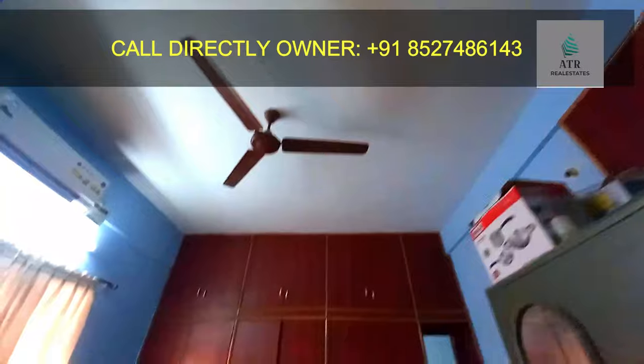This is a direct owner listing. Here is a side view. Here is the attached bathroom. Here is the bathroom with the furniture.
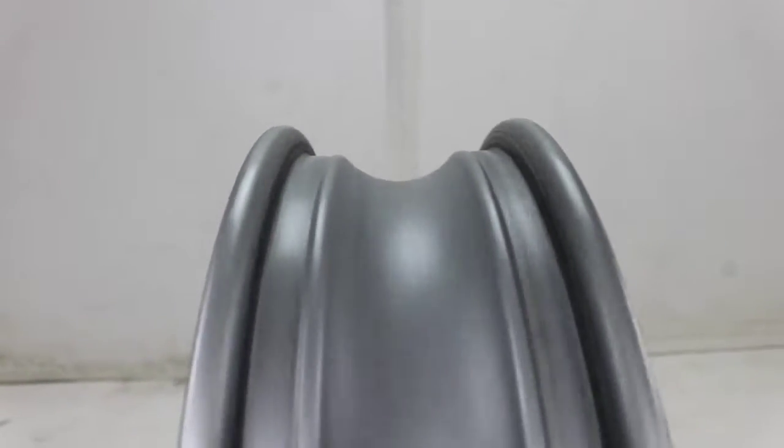For sale is the front wheel off of a 2003 Gixxer 750. This wheel has a slight wobble.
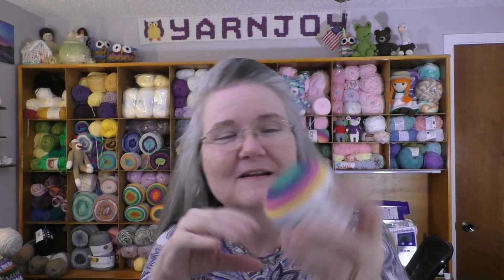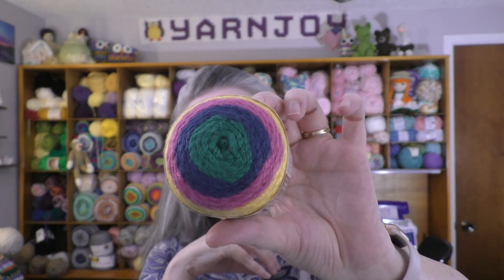Aren't they so cute? These are Red Heart Minis and they're just so cute. I love these little ones — they're kind of like the little dollops, which is what they were called over at Hobby Lobby. It is a size 4 worsted weight yarn. It has 1.6 ounces or 45 grams, 72 yards, 66 meters. And it's got 4 colors. That is so cool. These little minis are so cute.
——
→ **Assignment**:
Once the pictures are set aside, repeat the data above exactly.

→ **Solution**:
This is a direct owner listing. Here is a side view. Here is the attached bathroom. Here is the bathroom with the furniture.
For sale is the front wheel off of a 2003 Gixxer 750. This wheel has a slight wobble.
Aren't they so cute? These are Red Heart Minis and they're just so cute. I love these little ones — they're kind of like the little dollops, which is what they were called over at Hobby Lobby. It is a size 4 worsted weight yarn. It has 1.6 ounces or 45 grams, 72 yards, 66 meters. And it's got 4 colors. That is so cool. These little minis are so cute.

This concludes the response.